API for data structure with indices, size_t vs int?

Question 1

For a data structure with indices (e.g. an array list, a dynamic array, etc...), should the indices be of type size_t or int? Is there a clear reason to use one over the other?

fooGetByIndex(struct foo* foo, size_t index);

or

fooGetByIndex(struct foo* foo, int index);

Until I had it suggested to me to use size_t I'd always defaulted to int without thinking much of it. Having experimented with both I'm not quite sure which makes for a better API.

There exist many discussions on size_t vs int on a more general level, and that's not what I'm asking. I'm interested in the more specific case of designing an API for a data structure that uses indices (i.e. is array-like) but abstracts away direct array access through an API.
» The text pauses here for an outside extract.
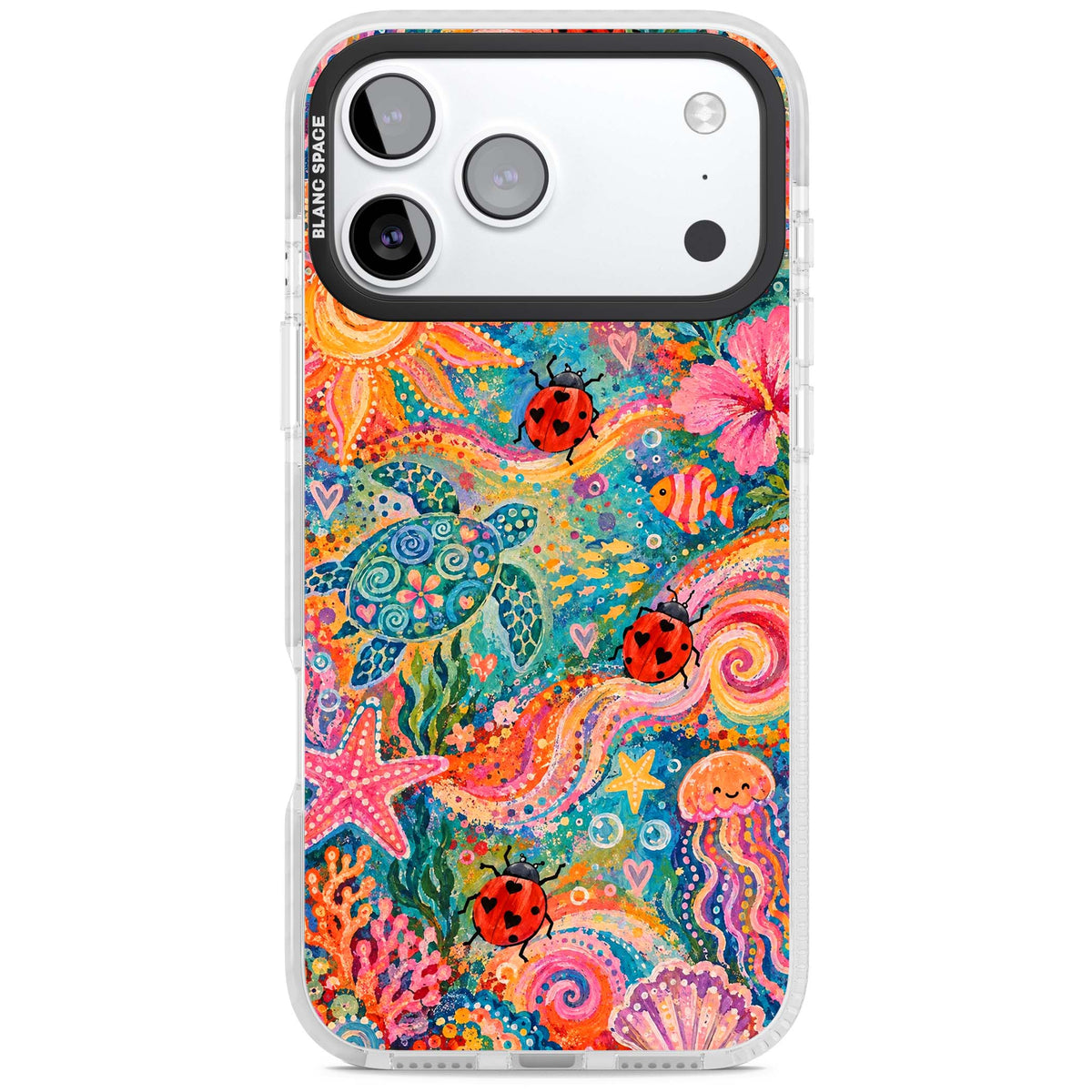 Coral Whimsy for her iPhone case | Black Impact case for iPhone 17 Pro, iPhone 17 Pro Max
Semantically size_t is appropriate for indices of C arrays, which is the primary argument for it in this case. However if the C array is hidden behind an API (which might not even use one internally) that argument diminishes. Additionally being able to return -1 as an error value is much easier when using int, whereas (size_t)-1 is arguably more error-prone and confusing for the user of the API, despite being well-defined and even used by the C standard library in its mbstowcs function.

If relevant, the two APIs I'm currently working on can be found on CodeReview here and here, though I'm looking for an answer that applies to API design of index-based data structures in general, not just those two examples.

Is using either size_t or int better API design in this case, or are both equally valid (i.e. the choice is subjective)?

Question 2

This had been dicussed on SO's main site under the C tag.

Question 3

Is there a logical upper limit on the maximum size of your data structure?

Question 4

Here you go: stackoverflow.com/q/6004415/694576 (there probably are more)

Question 5

@IllusiveBrian Not in theory, however on any platform where int is 32bit INT_MAX is going to be more than enough capacity in practice. I suppose the question only makes sense when int is 32bit because when it's smaller you have to use size_t. This hidden assumption may well hold the answer, as designing around int being a particular size isn't good C.

Question 6

"I suppose the question only makes sense when int is 32bit because when it's smaller you have to use size_t." Then again there's enough of a correlation between int width and resource availability that on any platform with a 16bit int 32767 of something is going to be plenty. Data structures that need the extra range provided by size_t could arguably be considered a special case.

Question 7

I clearly would prefer size_t, as it is an unsigned integer, and indices are>= 0. You immediately know how to use this parameter.

It is no good style returning special values as -1 for error conditions. This will require extra code for checking. If you forget those checks at some places, this can cause hard to find bugs.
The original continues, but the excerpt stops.